I keep hoping to find an ORM that has first class support for mock objects for unit testing. So I can write all my higher level tests without any database, just mock objects generated by the ORM itself. No one seems to do this though, either because it’s hard or because it’s a bad idea to fake out such a key component of your software. So instead everyone uses a special test database and some combination of test fixtures and transaction rollbacks to manage it.

A lot of SQLAlchemy testing examples use pytest, in part because its fixture support is so good. So I’m using pytest for the first time and I like it.
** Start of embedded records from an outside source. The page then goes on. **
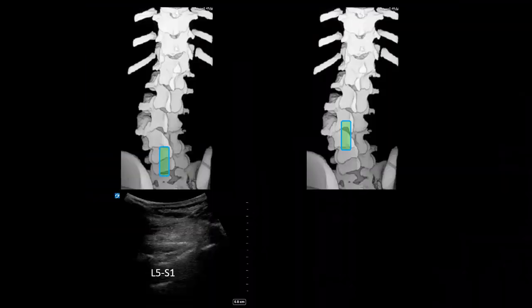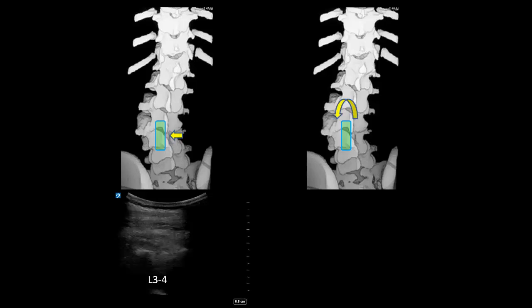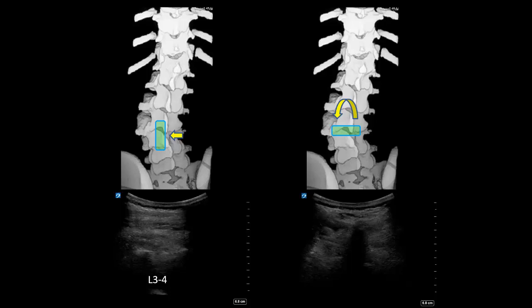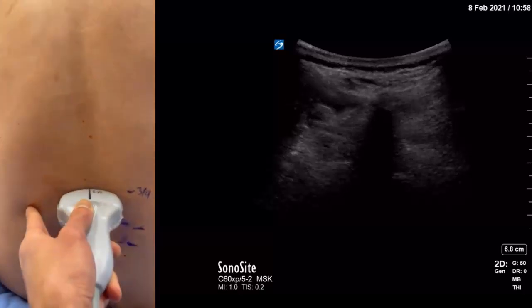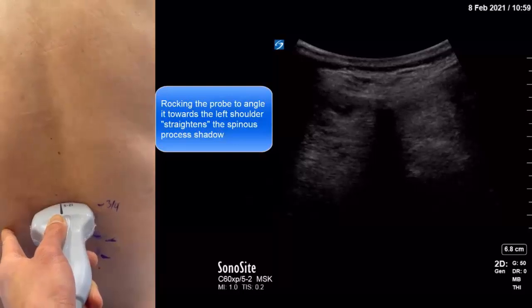Parasagittal imaging with the ultrasound has allowed us to independently confirm the presence of a lumbar scoliosis with a convex curve to the left. This is further verified by turning the probe transverse and visualizing the spinous process shadow, where we can see that the spinous process shadow is tilted and not perfectly vertical.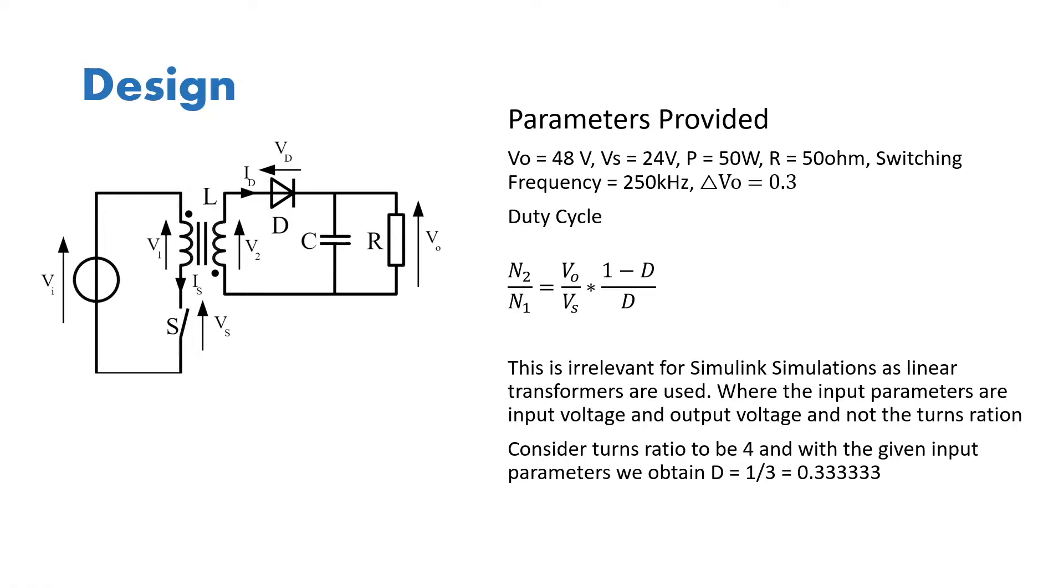Now the duty cycle is calculated from the formula given, where N2 by N1, which is the number of turns in secondary by number of turns in the primary, is equal to V output by voltage of the source into 1 minus D divided by D, where D is the duty cycle ratio.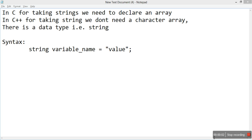Hi everyone. In the previous video we studied about cin, which is used to take input from the user. We took input for an integer, a character, and a float. In this video we'll take input from the user via cin for a string in C++.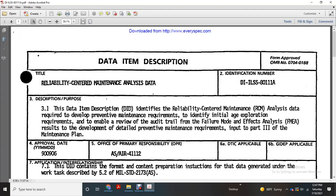Data Items Description, Form OMB 0704-0188. Reliability Centered Maintenance Analysis Data. Data Integrated Logistics Support 80111A.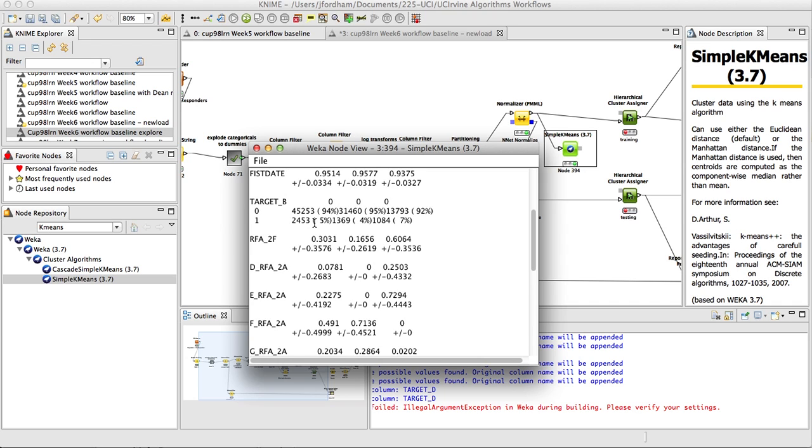But in this case, since we do have it, we can use the clustering algorithm to identify pockets of behavior with target B related to other input variables, kind of in a supervised sense. But still, we can identify when there's different clusters that have higher than expected target B value equal 1 or target B value equal 0.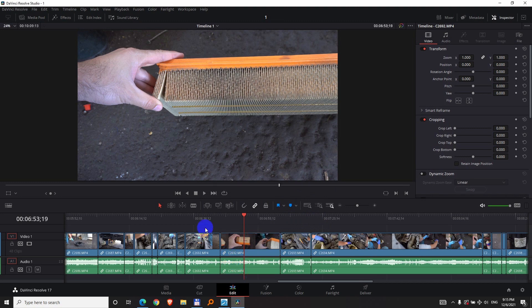So that's how to do a freeze frame in DaVinci Resolve 17. Of course there are other methods, but this seems to be better.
  • sqlite’s in-memory databases are great for a fast test database. But only use this if you intend to deploy to sqlite; you must test against the same database you are using in production.
  • The asphalt project has testing patterns that I ended up cribbing from. Right now I’ve got it setting up a transaction for every single test whether it uses a dbsession or not, I should probably fix that. Note the listener for after_rollback events to handle application rollbacks, no other example I’ve seen is doing that.
  • More ideas of fixture patterns: this blog post, this book chapter. The latter also has an idea on mocking out the database connection itself to return fake formatted data instead of using a test database.
  • pytest-sqlalchemy is a resuable set of fixtures. It looks OK but pretty simple and the project is inactive. (Maybe it doesn’t need activity!)
  • factory_boy is a test fixture library with specific support for ORMs including SQLAlchemy. Alternative to pytest fixtures, I guess.

Alembic schema migrations

SQLAlchemy does not come with any support for schema migrations. Alembic seems to be the consensus choice for migrations. It’s only about half-automated,  you’re expected to be reviewing and editing scripts. Which seems reasonable enough. One nice thing about Alembic is you can bring it in on a SQLAlchemy project that already exists, you don’t have to start from the beginning with it.

A few notes:

  • If your code isn’t in a Python package and just has simple “import model” style imports, you can fix up Alembic’s import by adding your source directory to PYTHONPATH. Or see the discussion for editing env.py
  • When you first set up Alembic you probably already have a schema in place. I decided to generate an empty migration to mark this existing schema. You still have to apply this migration so Alembic know’s what’s going on, by running “alembic upgrade head”.
  • There’s a cookbook for having Alembic history going back to an empty database.
  • sqlite is a PITA for migrations because it doesn’t have much support for alter table. But Alembic does have nice “batch” support for “move-and-copy” migrations.